Kilosort icon indicating copy to clipboard operation
Kilosort copied to clipboard

BUG:GPU calling failure when starting first clustering

Open Alchemist-Y opened this issue 1 year ago • 14 comments

Describe the issue:

It is normal during the spike extracting, but when it comes to the first clustering part, kilosort will automatically choose the cpu to computer rather than the GPU.

Reproduce the bug:

GPU calling is falied during the first clustering

Error message:

No response

Version information:

kilosort: latest version; CUDA toolkit: 11.8; NVIDIA driver: windows server 2022 standard; GUP: NVIDIA RTX A2000 12GB

Alchemist-Y avatar Jul 23 '24 10:07 Alchemist-Y

I'm sorry, I'm having a hard time understanding the issue. What do you mean it "automatically chooses the cpu?" How are you determining that? Are you getting an error during sorting? What version of Kilosort4 is this?
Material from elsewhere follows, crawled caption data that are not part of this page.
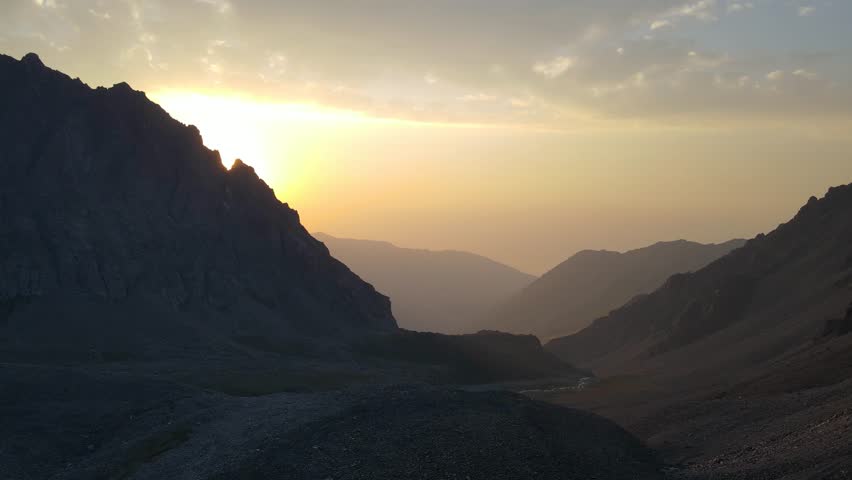 a beautiful sunset in a mountain gorge. evening in the mountains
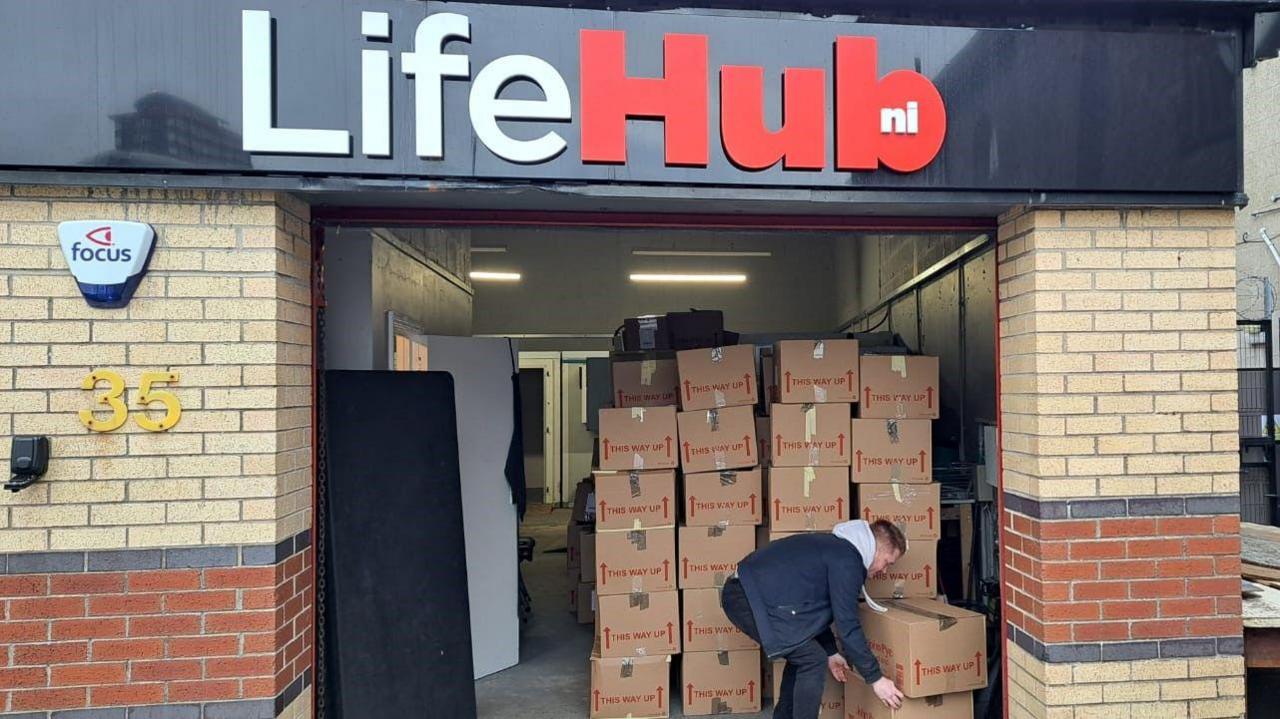 A man lifting cardboard boxes in his hoody and navy jacket. 
The building behind has a black and red sign called 'LifeHub' and it is yellow and red brick. 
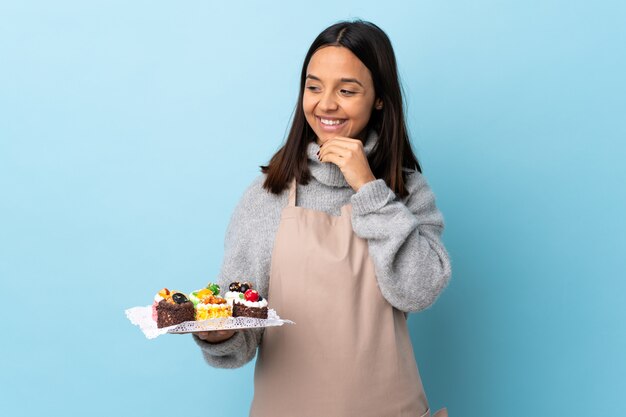 Pastry chef holding a big cake over isolated blue wall looking to the side and smiling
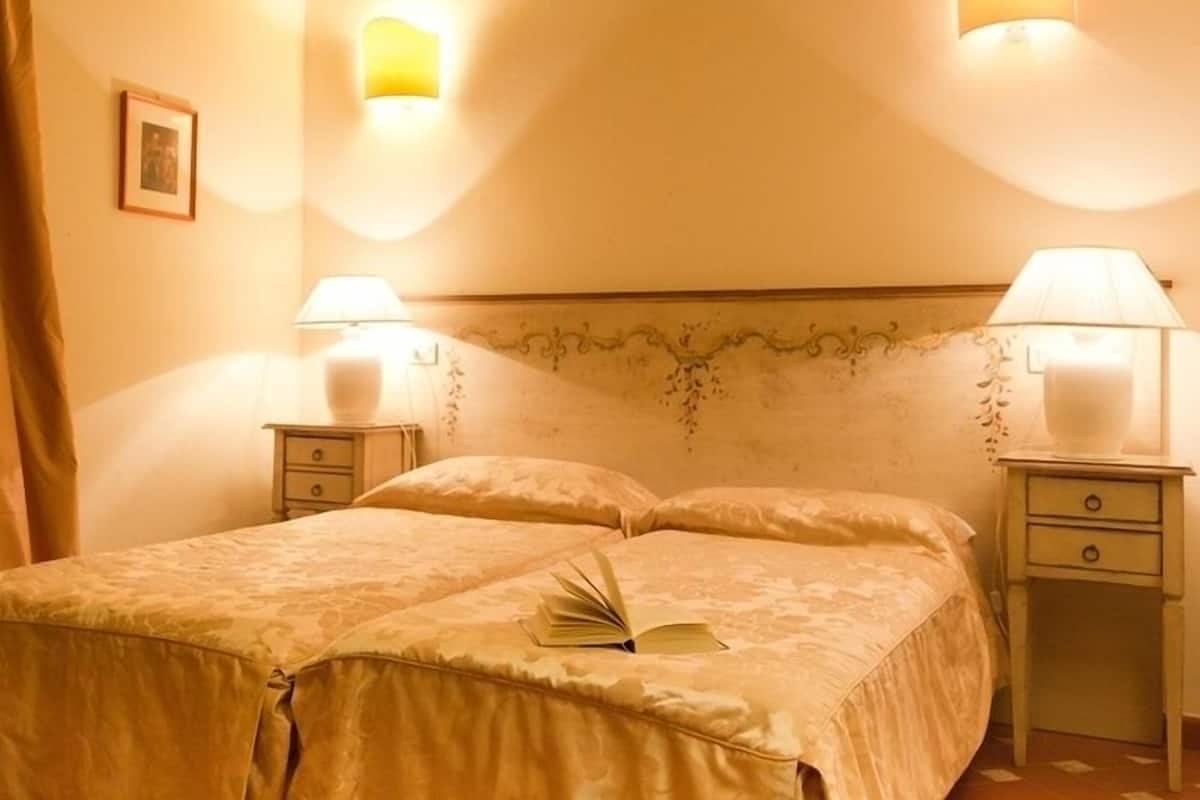 Une chambre d’hôtel avec un lit, deux lampes de chevet, une table de chevet et un tableau encadré au mur.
jacobpennington avatar Jul 23 '24 20:07 jacobpennington

@jacobpennington Hi,I,m sorry about my stodgy description. the kilosort version is V 4.0.13. I mean, I choose the GPU as for the pytorch in the GUI, but during the clustering part, the GPU doesn't work at all observing in my task manager. And inversely, the CPU is 100% working.

Alchemist-Y avatar Jul 24 '24 00:07 Alchemist-Y

The task manager is not an accurate way to check GPU usage for python processes. If you want to check usage while sorting is running, you can use the nvidia-smi command in a terminal or powershell.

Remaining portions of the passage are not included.